Posted: November 10, 2010
Miller files federal case over counting write-in ballots in Alaska
Late yesterday, candidate for Senate Joe Miller filed a complaint in federal court asking the court to permanently enjoin election officials from counting any write-in ballot on which the spelling of the candidate’s name varies in any way from the name as written on the candidate’s write-in declaration of candidacy. Miller argues that the Director of the Division of Elections is violating the federal Elections Clause and Equal Protection Clause, as well as some state laws, by permitting officials to use discretion when determining whether a write-in ballot should count. Miller claims that Alaska statutes mandates that any written-in names not deviate from the declaration of candidacy, and any ballots that do so are “statutorily invalid.”
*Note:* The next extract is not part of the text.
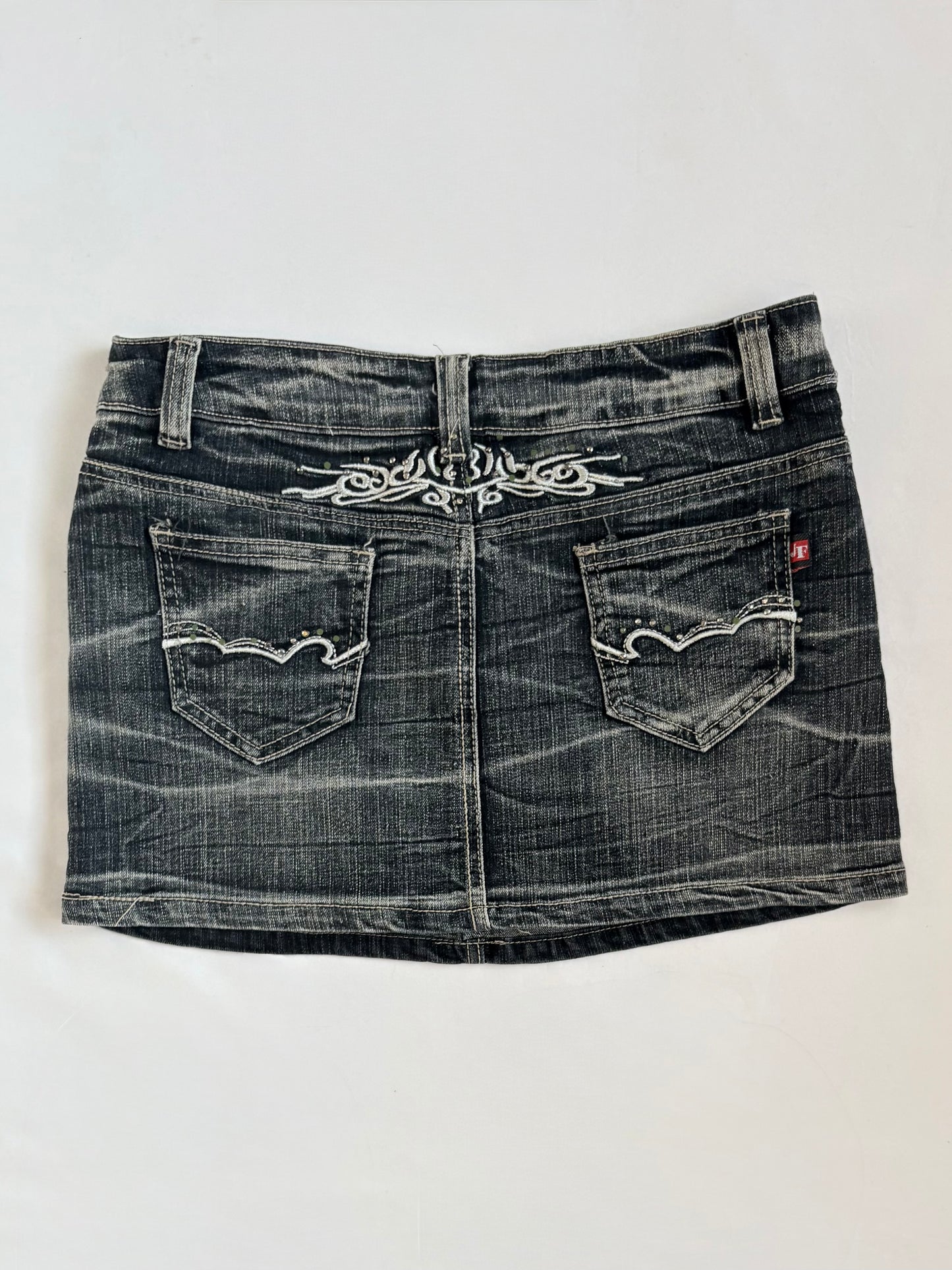 00’s Tramp stamp embroidered denim skirt | Size 10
At issue are 92,528 write-in ballots, which constitute over 40% of the total votes cast for the Senate race. According to the Alaska Division of Elections, Miller currently has 35% of the vote. Incumbent Senator Lisa Murkowski ran as a write-in candidate after losing the Republican primary to Joe Miller, and the current battle focuses on the spelling of her name on write-in ballots.
Citing Bush v. Gore, Miller’s Equal Protection argument states that, while intent of the voter is a starting point, there must be “specific standards” and “uniform rules” to guide officials when determining voter intent. His claim is that Alaska statutes already provide that specificity, and the Director’s new guidance contradicts those standards.